Tombak itu tampak hebat di tangannya semata-mata karena kekuatannya sudah berada di tingkat istimewa, mampu mengendalikan tombak kepala harimau yang telah ditempa sedemikian rupa, sehingga tampak luar biasa.
Kekuatan tanpa teknik, belumlah sempurna.
Masih harus banyak berlatih.
"Gerakan serangan tiga kali dari kepala manusia ikan itu mirip dengan teknik tombak, kalau dipelajari pasti bisa menambah kekuatan."
Meski belum pernah melihat langsung kepala manusia ikan itu memainkan garpu bajanya, dari penjelasan keterampilan tiga serangan beruntun, teknik bela diri itu pasti tidak buruk.
Bagaimanapun, itu adalah hasil latihan bertahun-tahun milik kepala suku manusia ikan.
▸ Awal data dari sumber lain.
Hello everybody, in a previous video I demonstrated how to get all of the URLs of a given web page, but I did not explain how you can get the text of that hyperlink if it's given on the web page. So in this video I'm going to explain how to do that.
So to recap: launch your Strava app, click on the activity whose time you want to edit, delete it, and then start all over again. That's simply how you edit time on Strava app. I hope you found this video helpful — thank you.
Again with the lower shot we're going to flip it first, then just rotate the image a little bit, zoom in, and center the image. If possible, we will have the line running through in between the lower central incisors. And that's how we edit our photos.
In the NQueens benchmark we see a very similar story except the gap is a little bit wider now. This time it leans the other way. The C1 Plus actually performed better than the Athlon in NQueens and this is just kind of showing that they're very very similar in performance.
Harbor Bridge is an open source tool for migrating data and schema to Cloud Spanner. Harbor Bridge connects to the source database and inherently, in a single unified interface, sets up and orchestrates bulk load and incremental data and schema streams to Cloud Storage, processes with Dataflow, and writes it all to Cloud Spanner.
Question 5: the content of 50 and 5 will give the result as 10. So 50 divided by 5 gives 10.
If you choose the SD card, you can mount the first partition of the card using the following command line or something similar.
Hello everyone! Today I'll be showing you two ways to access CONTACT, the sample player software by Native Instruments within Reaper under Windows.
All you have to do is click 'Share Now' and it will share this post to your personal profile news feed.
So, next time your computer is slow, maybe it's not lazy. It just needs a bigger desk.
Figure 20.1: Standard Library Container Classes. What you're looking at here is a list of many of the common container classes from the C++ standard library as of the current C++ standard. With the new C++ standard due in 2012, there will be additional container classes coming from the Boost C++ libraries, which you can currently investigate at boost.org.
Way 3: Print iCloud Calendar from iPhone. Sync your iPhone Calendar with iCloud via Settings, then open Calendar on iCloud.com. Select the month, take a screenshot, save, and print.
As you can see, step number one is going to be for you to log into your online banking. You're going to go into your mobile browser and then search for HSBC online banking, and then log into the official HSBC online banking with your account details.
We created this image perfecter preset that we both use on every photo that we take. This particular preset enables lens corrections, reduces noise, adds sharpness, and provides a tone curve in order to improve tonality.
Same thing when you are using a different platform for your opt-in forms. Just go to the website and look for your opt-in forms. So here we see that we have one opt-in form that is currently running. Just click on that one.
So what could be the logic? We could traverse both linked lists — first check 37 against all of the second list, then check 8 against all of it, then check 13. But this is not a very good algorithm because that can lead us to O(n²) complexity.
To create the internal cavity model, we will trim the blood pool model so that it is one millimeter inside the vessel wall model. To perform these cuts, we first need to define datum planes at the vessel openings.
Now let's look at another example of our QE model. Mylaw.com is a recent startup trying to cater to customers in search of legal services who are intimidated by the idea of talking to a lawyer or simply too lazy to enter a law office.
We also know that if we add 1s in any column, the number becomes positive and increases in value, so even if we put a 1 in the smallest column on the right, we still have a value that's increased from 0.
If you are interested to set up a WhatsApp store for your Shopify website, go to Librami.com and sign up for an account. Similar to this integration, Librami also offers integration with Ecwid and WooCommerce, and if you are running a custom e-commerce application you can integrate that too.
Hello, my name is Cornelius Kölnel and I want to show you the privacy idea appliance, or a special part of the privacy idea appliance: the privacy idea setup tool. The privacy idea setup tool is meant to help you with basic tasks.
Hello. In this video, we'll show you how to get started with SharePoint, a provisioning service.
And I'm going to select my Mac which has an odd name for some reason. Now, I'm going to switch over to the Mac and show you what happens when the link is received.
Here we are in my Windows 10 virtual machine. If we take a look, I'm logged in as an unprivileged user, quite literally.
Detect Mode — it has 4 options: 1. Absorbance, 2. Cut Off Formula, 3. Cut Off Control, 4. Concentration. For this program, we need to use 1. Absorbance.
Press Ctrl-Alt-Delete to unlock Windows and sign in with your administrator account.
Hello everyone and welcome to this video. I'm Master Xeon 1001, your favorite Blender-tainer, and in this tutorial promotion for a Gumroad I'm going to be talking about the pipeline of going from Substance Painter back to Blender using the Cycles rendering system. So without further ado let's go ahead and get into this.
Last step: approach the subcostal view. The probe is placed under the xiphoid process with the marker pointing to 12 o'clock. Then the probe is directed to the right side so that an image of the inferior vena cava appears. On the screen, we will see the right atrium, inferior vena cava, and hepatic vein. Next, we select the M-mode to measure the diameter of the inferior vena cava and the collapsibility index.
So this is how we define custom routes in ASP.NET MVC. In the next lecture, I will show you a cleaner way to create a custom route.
Kalau lemah, tak pantas disandangnya.
"Benar, Zigu, tolong panggil Harimau. Setelah sekian lama minum, pasti sudah puas."
"Setelah menaklukkan suku manusia ikan ini dan memasukkannya ke wilayah Zhuxia, Ujian Peradaban memberi kita hadiah untuk wilayah kita."
"Tak hanya senjata dan alat tebang kayu serta batu, bahkan masalah makanan yang paling mendesak juga teratasi."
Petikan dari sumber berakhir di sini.